Como conoce de sobra todo el medianamente iniciado en el habla popular del cubano, llamamos botella a la sinecura, a la prebenda, al sueldo que se percibe sin trabajar. Pero… ¿cuándo se originó la primera botella de nuestro país?
Pues dígase que Fernando Colón, hijo y biógrafo de Cristóbal, fue objeto de la real benevolencia por parte de Carlos I de España y V de Alemania.
Era Fernando lo que solemos llamar un tremendo guataca, un adulador que se pasaba la vida lustrándole los zapatos al monarca.
Como premio, Carlos ordenó que la Isla de Cuba remitiese anualmente quinientos pesos al hijo del mal llamado Descubridor. Así pues, Fernando, el lamebotas del rey, sentó un nocivo precedente: fue nuestro primer botellero.
SEGUNDO VISTAZO: UN SÚPER-RECONTRA-MENTIROSO
Fue Antonio Herrera un pinero que vivió hasta principios del siglo XX. Decía ser “el barón de Herrera”, y los psiquiatras lo hubieran clasificado como mitómano…, con lo fácil que es pronunciar mentiroso.
Contaba Herrera que un día su perro se enfrascó en fiera pelea con un cocodrilo. Temeroso de que animal sucumbiera, le lanzó un machetazo al reptil, con tan mala suerte que erró, y el perro quedó partido en dos mitades limpias. Entonces, decía Herrera, cosió las dos mitades con bejucos, pero le quedaron al revés.

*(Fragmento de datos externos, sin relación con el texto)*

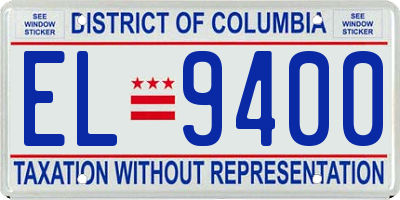 DC license plate EL9400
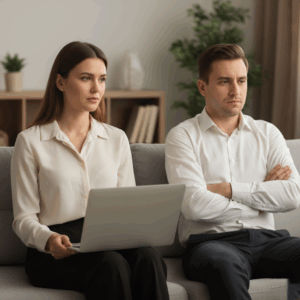Serious young man and woman sitting apart on a couch, woman holding a laptop, both looking away.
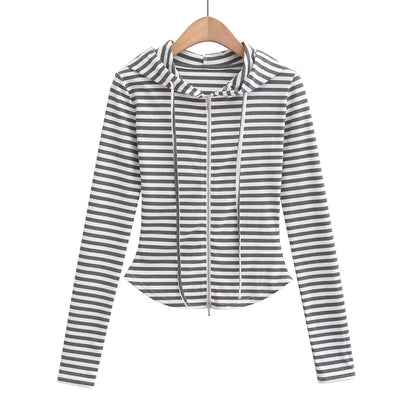 Woman wearing Hooded Stripe Half-Zip Cardigan in a casual setting
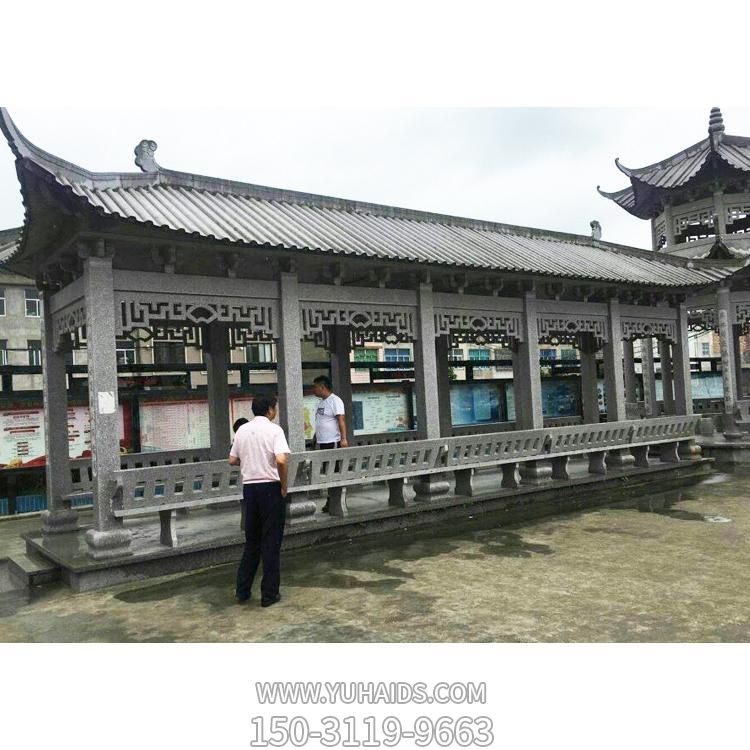 青石浮雕中式長(cháng)廊涼亭景區園林戶(hù)外擺件雕塑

Ah, pero el asunto tuvo sus ventajas. Porque ahora el perro podía caminar solamente con dos patas, mientras las otras descansaban. Y, además, con el ojo de abajo buscaba puercos jíbaros, y jutías con el de arriba.
TERCER VISTAZO: TREMENDA BENDICIÓN
Quienes fundaron Manzanillo no tuvieron en cuenta que el asentamiento lo establecían sobre una pronunciada pendiente, en descenso hasta el Golfo de Guacanayabo.
La inmediatez de la Sierra Maestra ha hecho posible que allí las lluvias sean copiosas, y por la ladera desciende una masa de agua que no existe pavimento capaz de resistirla.
Sabido esto, dígase que a mediados del pasado siglo, el cura de Manzanillo, aunque santo varón, se gastaba genio de argolla.
Cierto día transitaba el religioso por una calle maltratada y acertó a pasar un auto que, al cruzar sobre unos charcos, dejó su sotana hecha una birria, chorreando agua fangosa. Y cuentan que el irascible cura le gritó al chofer del auto: “Hijo, que cuando mueras alcances la gloria... ¡Y que sea pronto!”.